Heidelberg: Auf einmal hat die Kultur keinen eigenen Bürgermeister mehr
Von Timo Teufert
Heidelberg. Heidelberg ist bekannt für seine kulturelle Vielfalt. Festivals wie der Heidelberger Frühling sorgen für ein bundesweites Renommee. Doch dieser Ruf ist jetzt in Gefahr: Denn in der Kulturstadt Heidelberg soll es - geht es nach den Plänen von Oberbürgermeister Eckart Würzner und den Fraktionen von Grünen, CDU und SPD - keinen Kulturbürgermeister mehr geben.
Mit dem neuen Dezernatszuschnitt, den Würzner zusammen mit den Fraktionsvorsitzenden Derek Cofie-Nunoo (Grüne), Jan Gradel (CDU) und Anke Schuster (SPD) am Dienstag vorstellte, wird das Kulturamt, das die Kulturpolitik in der Stadt verantwortet und für Fördermittel zuständig ist, künftig einem anderen Bürgermeister unterstellt sein als die anderen großen städtischen Kultureinrichtungen wie das Theater, das Kurpfälzische Museum, die Stadtbücherei oder die Musik- und Singschule. Damit wäre Heidelberg die einzige kreisfreie Stadt in Baden-Württemberg, die keinen Kulturbürgermeister hat.

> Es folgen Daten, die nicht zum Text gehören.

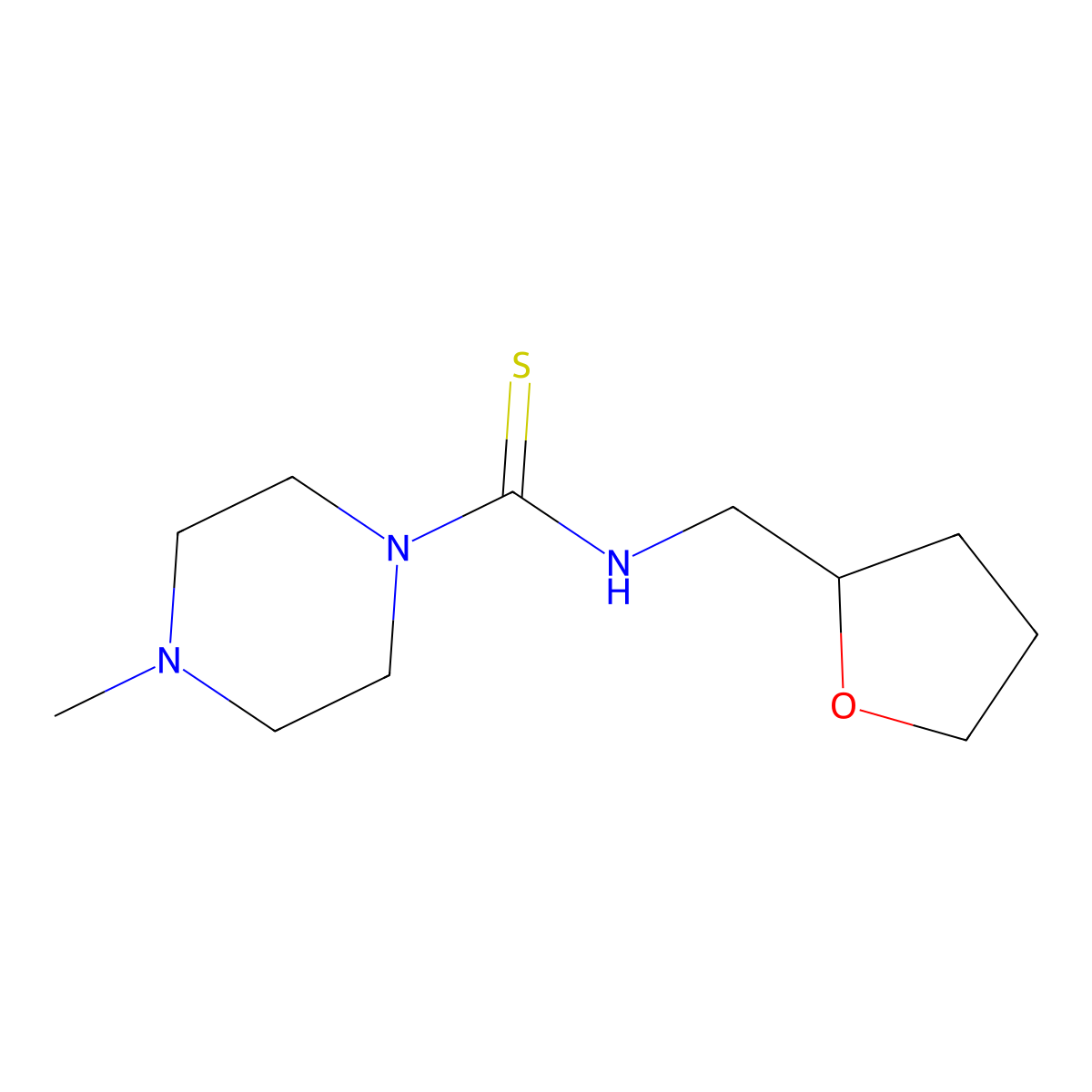 4-methyl-N-(oxolan-2-ylmethyl)piperazine-1-carbothioamide molecular structure, CAS 461459-22-3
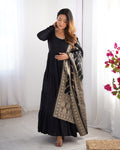 BLACK ROMAN SILK FOUR-LAYER ANARKALI GOWN SET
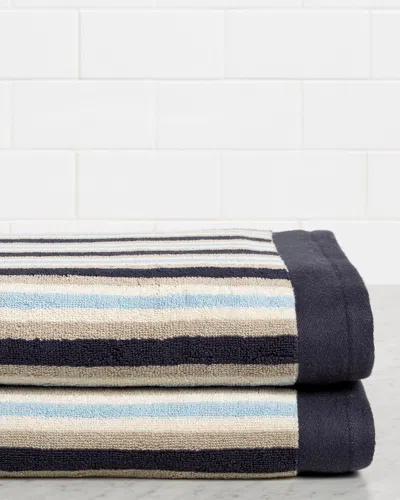 SUPERIOR DISCONTINUED SUPERIOR STRIPE 2PC ABSORBENT BATH LONG STAPLE COMBED COTTON TOWEL SET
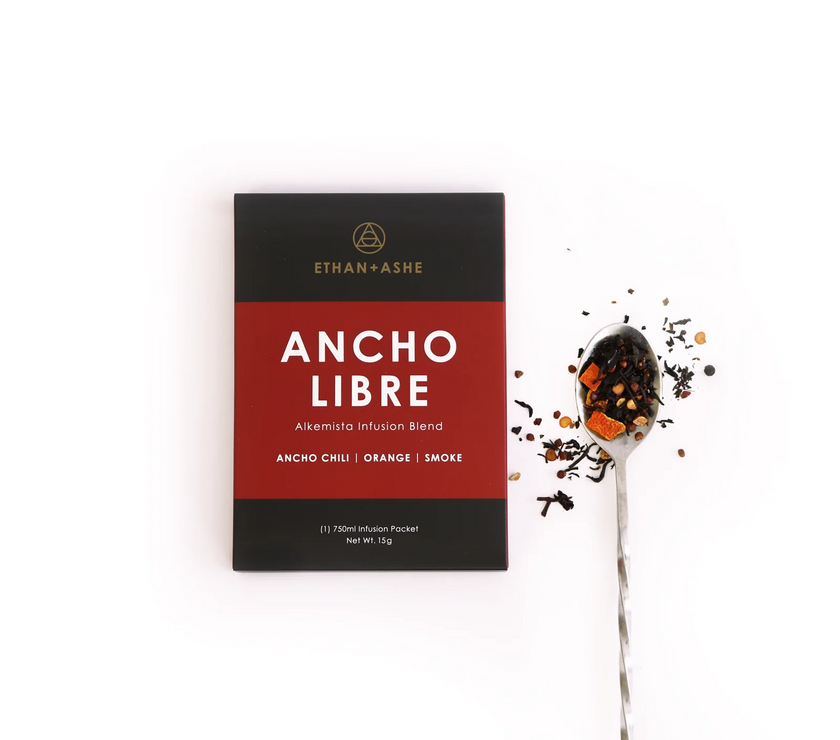 Ethan Ashe Ancho Libre tea package with a spoonful of tea leaves on a white background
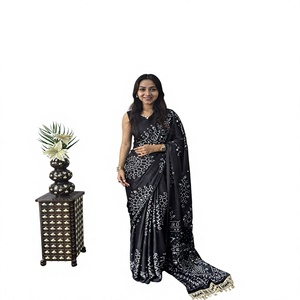 Sari Tradicional Indio-Pakistaní para Mujer, Negro, de Seda Pintada a Mano, Largo hasta el Suelo, para Bodas, Corte Holgado, para Todas las Temporadas - Product Image 1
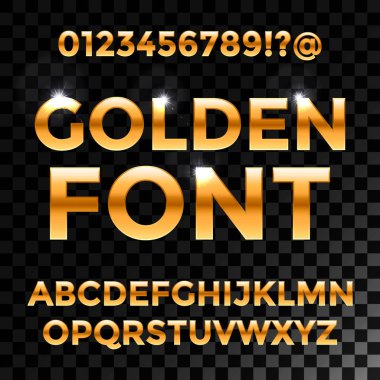 Altın parlak vektör yazı tipini veya altın alfabe. Sarı metal yazı. Metalik altın abc, alfabe tipografik lüks çizimde web tasarımınız için.
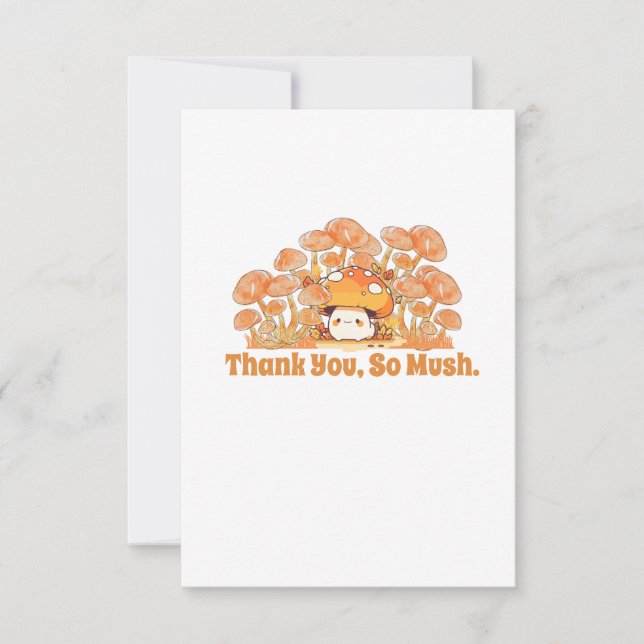 Thank you card. Mushroom Design. Flat card. (Front)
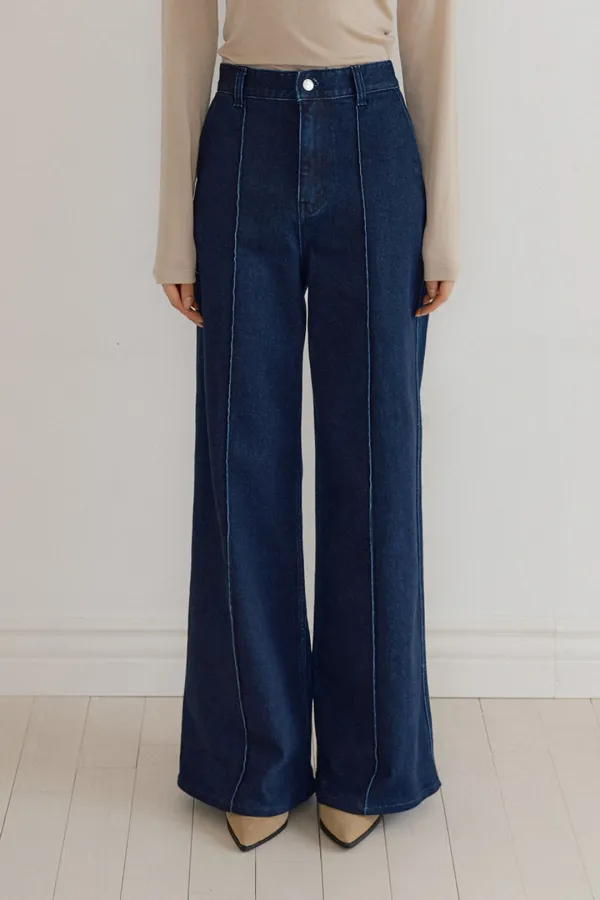 Pintuck Raw Denim Wide Pants (blue)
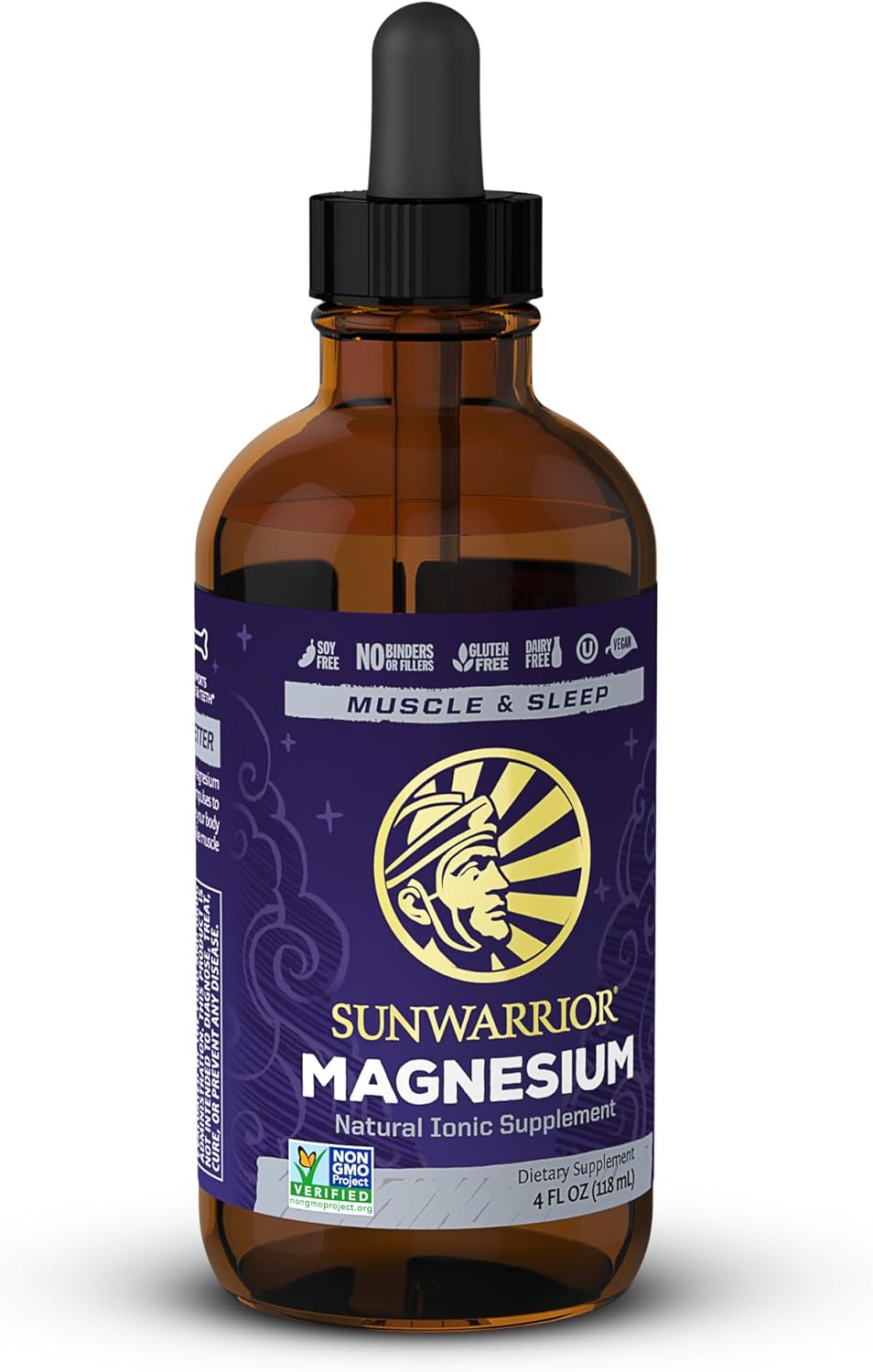 Sunwarrior Magnesium Mineral Supplement Natural Ionic Liquid Drink Additive | Features Trace Minerals to Support Brain Heart & Muscle (4 FL Oz) 28 Servings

Um das neue Dezernat "Klimaschutz, Umwelt und Mobilität" auszustatten, für das die Grünen das Vorschlagsrecht bekommen sollen, musste der grüne Bürgermeister Wolfgang Erichson das Amt für Umweltschutz, das Landschafts- und Forstamt sowie die Abfallwirtschaft und Stadtreinigung an seinen zukünftigen Kollegen abgeben, der das Amt zum 1. Oktober 2020 antreten soll.
Im Gegenzug soll Erichsons Dezernat dafür das Amt für Digitales - das bisher dem OB unterstellt war -, das Kinder- und Jugendamt und das Kulturamt zugeschlagen bekommen. Sowohl das Kinder- und Jugendamt als auch das Kulturamt waren bisher Bürgermeister Joachim Gerner (SPD) zugeordnet, der die Verantwortung für die großen kulturellen Einrichtungen wie das Kurpfälzische Museum, die Musik- und Singschule und die Stadtbücherei behalten soll.
Mit dem Dezernatswechsel wird damit der Kunst- und Jugendbereich zerschlagen. Und dadurch taucht die Kultur weder bei Gerner (Dezernat für Soziales und Bildung) noch bei Erichson (Jugend, Digitalisierung und kreative Stadt) in der Amtsbezeichnung auf - einen Kulturbürgermeister gibt es damit nicht mehr.
Kritik ist vor allem aus dem Umfeld der städtischen Kultureinrichtungen zu hören. Dort bezeichnet man die Vorgehensweise - die Amtsleiter wurden an der Entscheidung nicht beteiligt und von der Verwaltungsspitze nur lapidar per E-Mail über die neue Struktur informiert - als skandalös, vertrete die Kultur doch Werte, deren Vermittlung heute wichtiger denn je sei. Deshalb sei es absolut unerträglich, dass dieses Zeichen gerade von der neuen starken Kraft im Gemeinderat - die Grünen haben 16 von 48 Sitzen - ausgehe. Sie hatten seit der Wahl beim Oberbürgermeister immer wieder auf einen zusätzlichen Dezernenten gedrängt.
Zumal die "Einigung" zwischen Grünen, OB und den Fraktionen von CDU und SPD, die das Vorschlagsrecht für jeweils einen Bürgermeister haben, über den neuen Dezernatszuschnitt deutlich weniger einvernehmlich gewesen sein soll, als die Beteiligten am Dienstagnachmittag bei einer Pressekonferenz erklärten. Vielmehr hätten die Grünen und der OB diktiert, welche Ämter welchem Bürgermeister zugeordnet werden sollen. Es sei nicht auf Augenhöhe diskutiert worden.
Denn ursprünglich sollte das Kulturamt im Ressort von Gerner verbleiben. Diskussionen soll es nur darüber gegeben haben, ob die Grünen das Kinder- und Jugendamt oder das Amt für Schule und Bildung für Erichsons Dezernat beanspruchen. Ein Herauslösen des Kulturamts aus Gerners Ressort sei zu diesem Zeitpunkt kein Thema gewesen.